Mark became a father during the time he worked on this project, and being a parent makes it hard to resign yourself to horrible things. So he started looking at the bigger picture—including compiling, with another amazing team of colleagues, the total cost of gun violence in America—and he came across a whole field of research and intervention called threat assessment. Mark eventually wrote a book about it, which has given him the grim distinction of being one of the experts who get called on each time a mass shooting happens.
Threat assessment starts from the realization that mass shootings don’t come out of nowhere. The perpetrators don’t “snap.” They plan their crimes, often over years, and they give warnings. Which means there are big windows during which it is possible to intervene. In hundreds of cases, threat assessment teams have done so.
If the shooters in Uvalde and Buffalo had been kept away from weapons, perhaps given mental health or other interventions, dozens of families might have their loved ones alive today. That’s not the same as a national assault weapons ban, but it’s not nothing.
That’s just one of the things that can happen—over the long haul, if not in the next week or two. But that’s only possible if people who care about preventing this horror don’t give up. I promise Mother Jones will not. Our team will be there, reporting the truth and shining a light on hypocrisy. (Just this morning, senior news and engagement editor Inae Oh noted that when Texas Gov. Greg Abbott, Sen. Ted Cruz, and Donald Trump speak at the NRA convention this weekend, attendees will have to abide by a strict rule: No guns. “Now imagine if we were all offered the same protections as our former president,” Inae writes.)
This tweet from Sherrilyn Ifill, the president of the NAACP Legal Defense and Educational Fund, really rang true for me:
I don’t have a lot of words today, except to say that there is a concerted effort right now to convince you that ‘nothing can be done.’ It is designed to make you give in to the exhaustion of this moment. Don’t believe it.

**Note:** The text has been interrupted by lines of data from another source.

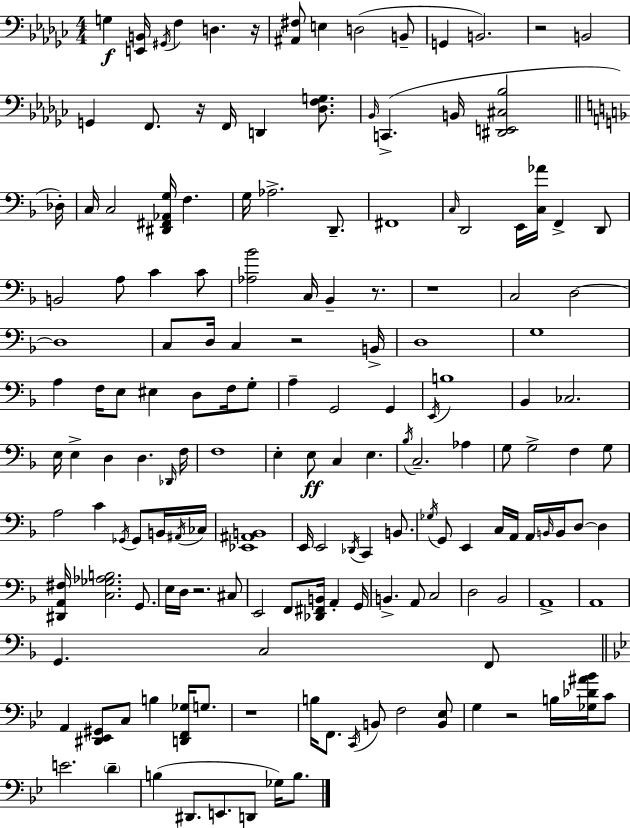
G3/q [E2,B2]/s G#2/s F3/q D3/q. R/s [A#2,F#3]/e E3/q D3/h B2/e G2/q B2/h. R/h B2/h G2/q F2/e. R/s F2/s D2/q [Db3,F3,G3]/e. Bb2/s C2/q. B2/s [D#2,E2,C#3,Bb3]/h Db3/s C3/s C3/h [D#2,F#2,Ab2,G3]/s F3/q. G3/s Ab3/h. D2/e. F#2/w C3/s D2/h E2/s [C3,Ab4]/s F2/q D2/e B2/h A3/e C4/q C4/e [Ab3,Bb4]/h C3/s Bb2/q R/e. R/w C3/h D3/h D3/w C3/e D3/s C3/q R/h B2/s D3/w G3/w A3/q F3/s E3/e EIS3/q D3/e F3/s G3/e A3/q G2/h G2/q E2/s B3/w Bb2/q CES3/h. E3/s E3/q D3/q D3/q. Db2/s F3/s F3/w E3/q E3/e C3/q E3/q. Bb3/s C3/h. Ab3/q G3/e G3/h F3/q G3/e A3/h C4/q Gb2/s Gb2/e B2/s A#2/s CES3/s [Eb2,A#2,B2]/w E2/s E2/h Db2/s C2/q B2/e. Gb3/s G2/e E2/q C3/s A2/s A2/s B2/s B2/s D3/e D3/q [D#2,A2,F#3]/s [C3,Gb3,Ab3,B3]/h. G2/e. E3/s D3/s R/h. C#3/e E2/h F2/e [Db2,F#2,B2]/s A2/q G2/s B2/q. A2/e C3/h D3/h Bb2/h A2/w A2/w G2/q. C3/h F2/e A2/q [D#2,Eb2,G#2]/e C3/e B3/q [D2,F2,Gb3]/s G3/e. R/w B3/s F2/e. C2/s B2/e F3/h [B2,Eb3]/e G3/q R/h B3/s [Gb3,Db4,A#4,Bb4]/s C4/e E4/h. D4/q B3/q D#2/e. E2/e. D2/e Gb3/s B3/e. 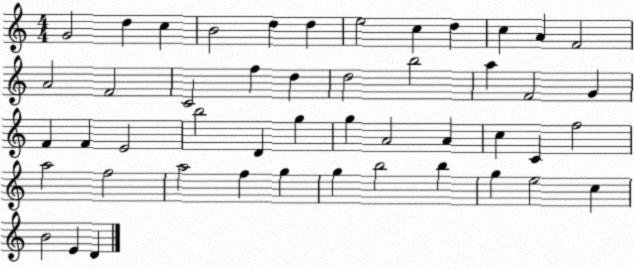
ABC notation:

X:1
T:Untitled
M:4/4
L:1/4
K:C
G2 d c B2 d d e2 c d c A F2 A2 F2 C2 f d d2 b2 a F2 G F F E2 b2 D g g A2 A c C f2 a2 f2 a2 f g g b2 b g e2 c B2 E D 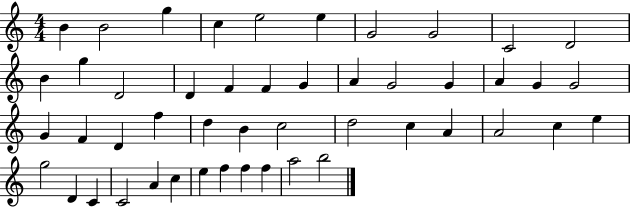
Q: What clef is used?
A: treble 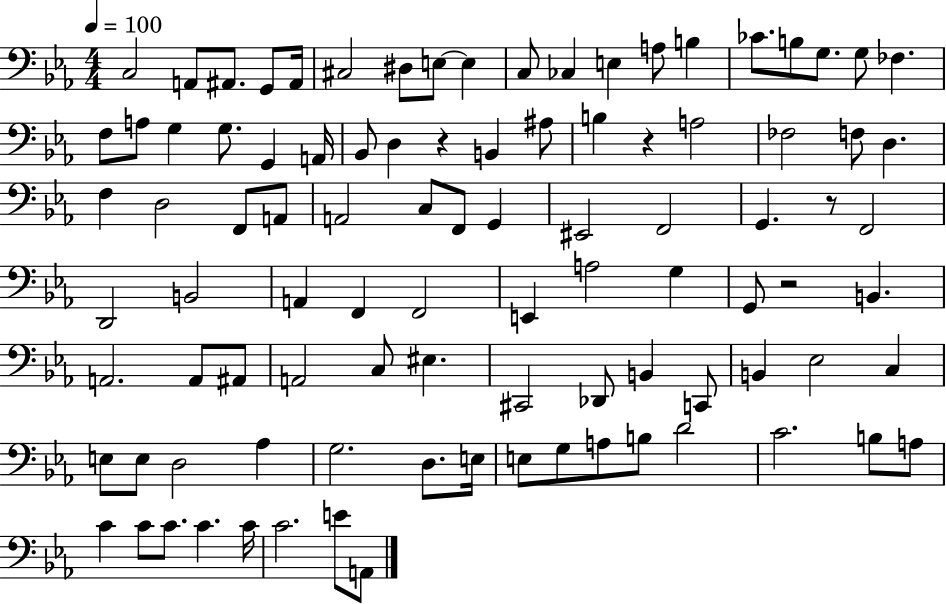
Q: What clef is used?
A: bass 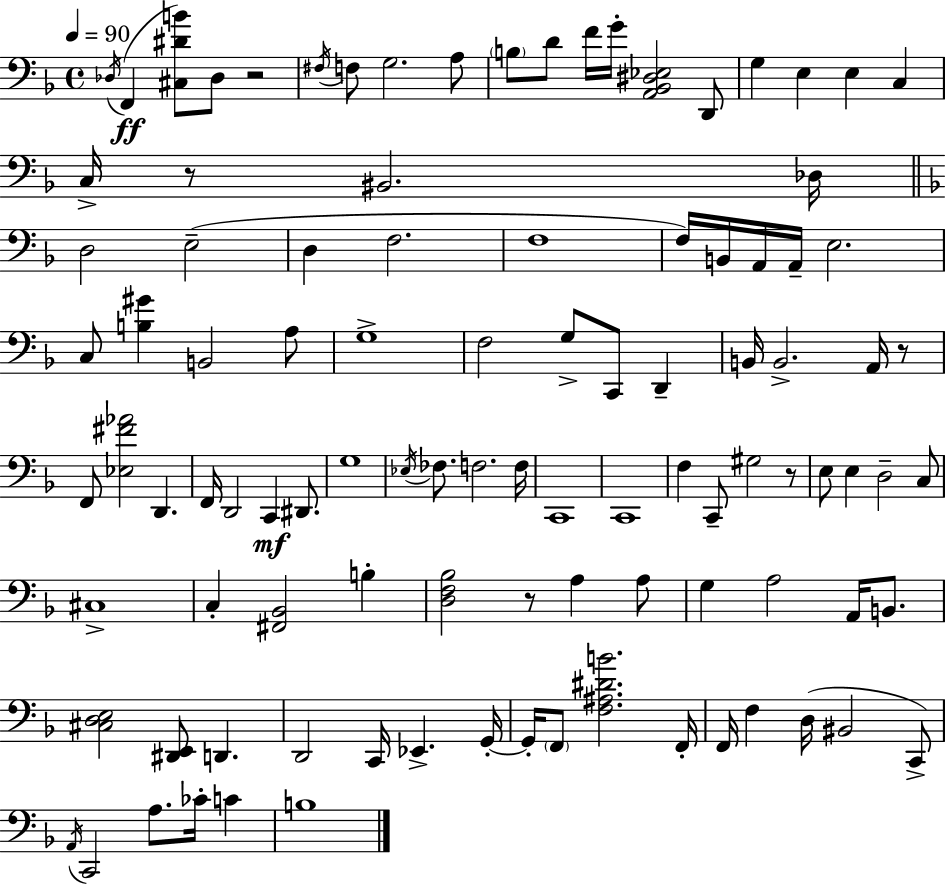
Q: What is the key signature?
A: F major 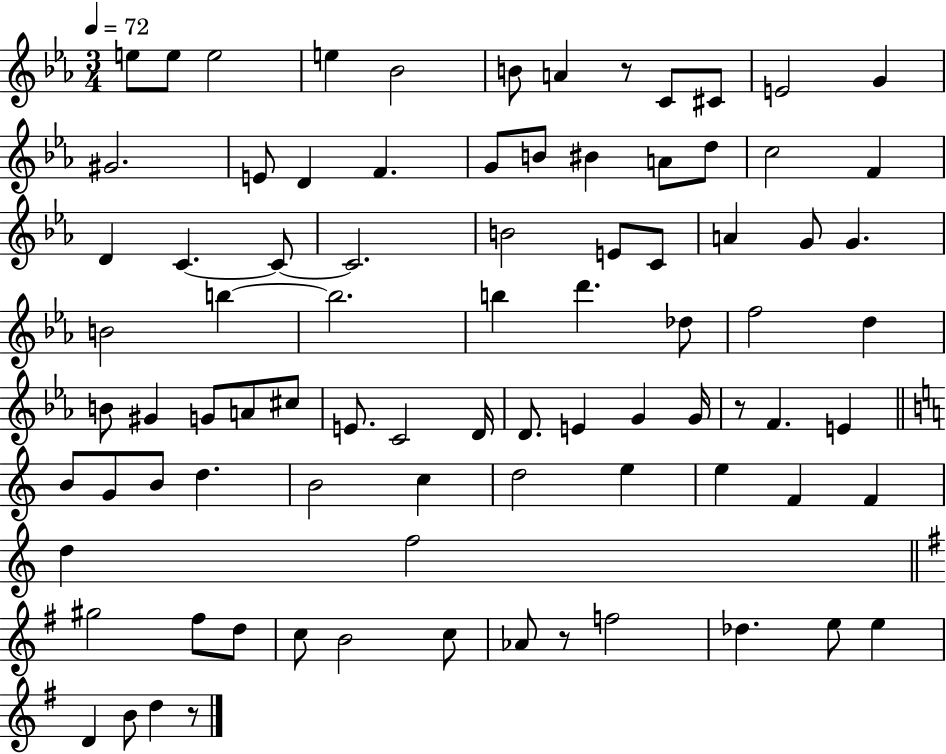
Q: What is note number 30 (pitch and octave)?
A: A4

It’s a lie. We have power if we mobilize it.
Here’s a story of someone who mobilized her power: Lucy McBath, whose son Jordan, a Black teen, was murdered by a white man for playing loud music.
In 2017, McBath decided to run for the state legislature, then set her sights on Congress. She defeated a Republican incumbent in 2018, was reelected in 2020, and has been a powerful voice on gun violence and racial and economic justice. Republicans tried to boot her when they redrew Georgia’s congressional map last year. McBath ended up running against another Democratic member of Congress, Carolyn Bourdeaux, and last night she prevailed.
This is not entirely a good-news story—that Bourdeaux and McBath had to compete at all was a result of the extreme gerrymandering that has enabled politicians to override the majority of Americans on issues like gun reform. “Even if McBath wins,” MoJo’s Ari Berman wrote earlier this year, “Democrats will have lost a House seat in 2022 in a state that is trending blue, and communities of color will have less political representation—even though they account for all of the state’s population growth over the past decade. Moreover, because of the new redistricting maps, Republicans are set to control nine of 14 congressional districts in a state where Democrats won the presidency and two Senate seats in 2020.”
That’s grim, and it’s even grimmer for McBath, who has faced endless attacks from Republicans and Fox News, including one lying about her mother-in-law’s signature. But she has not given up. “All of the preparations and the battles that I’m having to fight now to save people’s lives, to take this work to a whole other level, is tough,” she told MoJo’s Jamilah King back in 2018. But, she added, “what else could you do to hurt me? Bring it on.”
So as you hug your loved ones and grieve for Uvalde, disconnect from the headlines if you need to—but don’t give up. Gun violence is not a force of nature. It is a choice, one motivated by profits and politics. We owe it to ourselves not to make it a fate.